>>>

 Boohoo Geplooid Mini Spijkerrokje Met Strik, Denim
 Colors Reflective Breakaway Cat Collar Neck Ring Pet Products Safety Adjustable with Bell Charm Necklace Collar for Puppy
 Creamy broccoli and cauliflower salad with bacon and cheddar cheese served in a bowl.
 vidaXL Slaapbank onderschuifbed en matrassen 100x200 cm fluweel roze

<<<
>>>

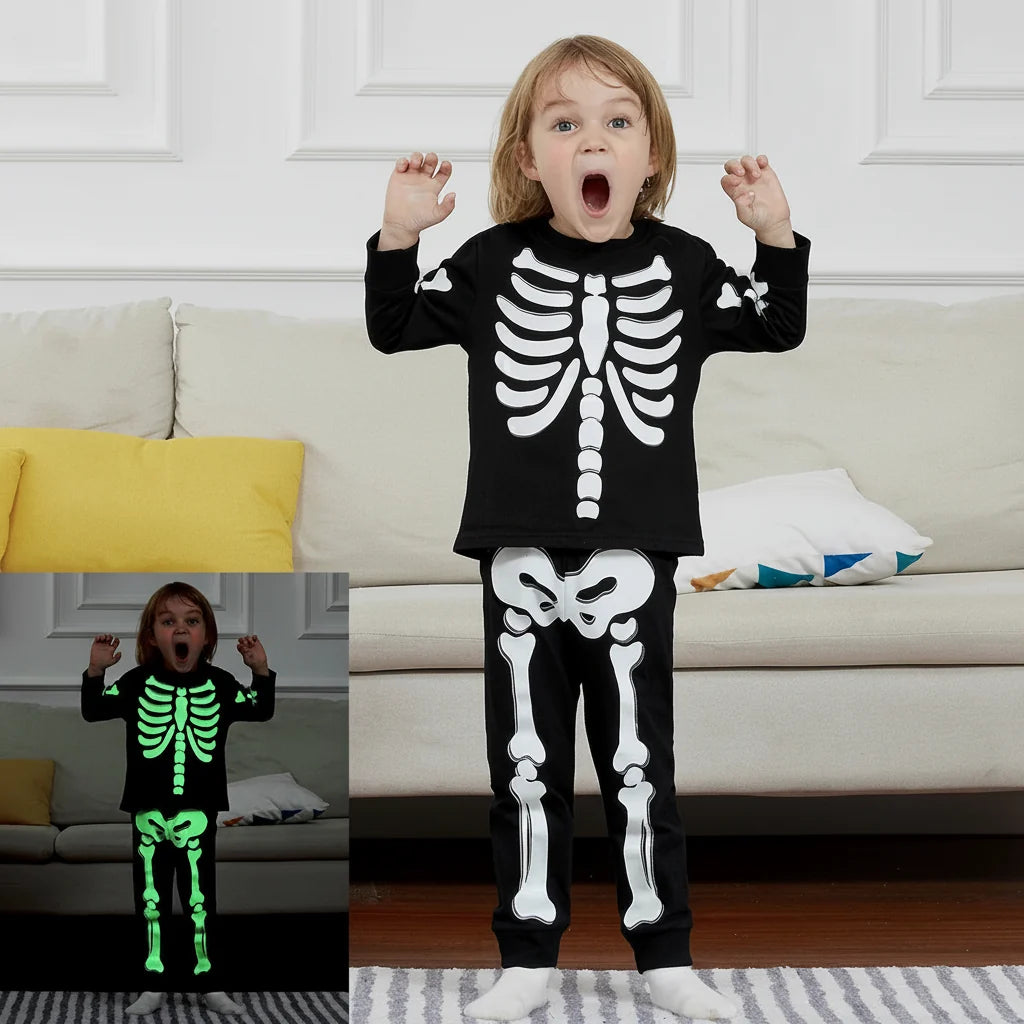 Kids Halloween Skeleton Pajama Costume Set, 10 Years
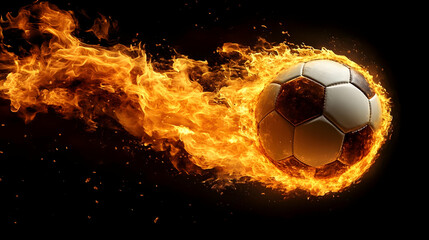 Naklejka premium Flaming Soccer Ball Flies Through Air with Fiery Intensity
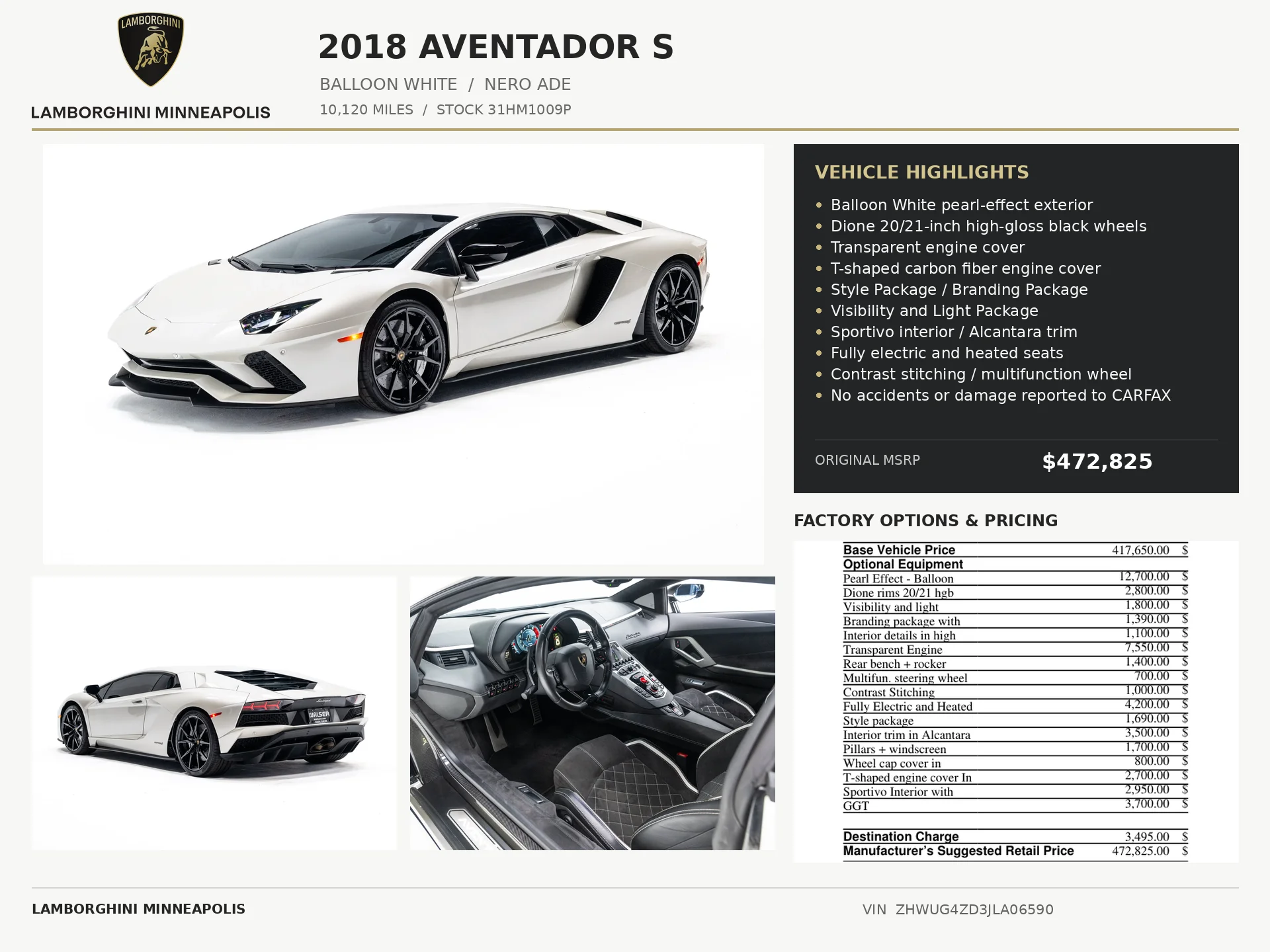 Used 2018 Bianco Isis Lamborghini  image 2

<<<

## Action item
Above are records; repeat only the lines from the line with "Kids Halloween Skeleton" through the line with "Used 2018 Bianco", and leave pictures out.

## Task answer
 Kids Halloween Skeleton Pajama Costume Set, 10 Years
 Naklejka premium Flaming Soccer Ball Flies Through Air with Fiery Intensity
 Used 2018 Bianco Isis Lamborghini  image 2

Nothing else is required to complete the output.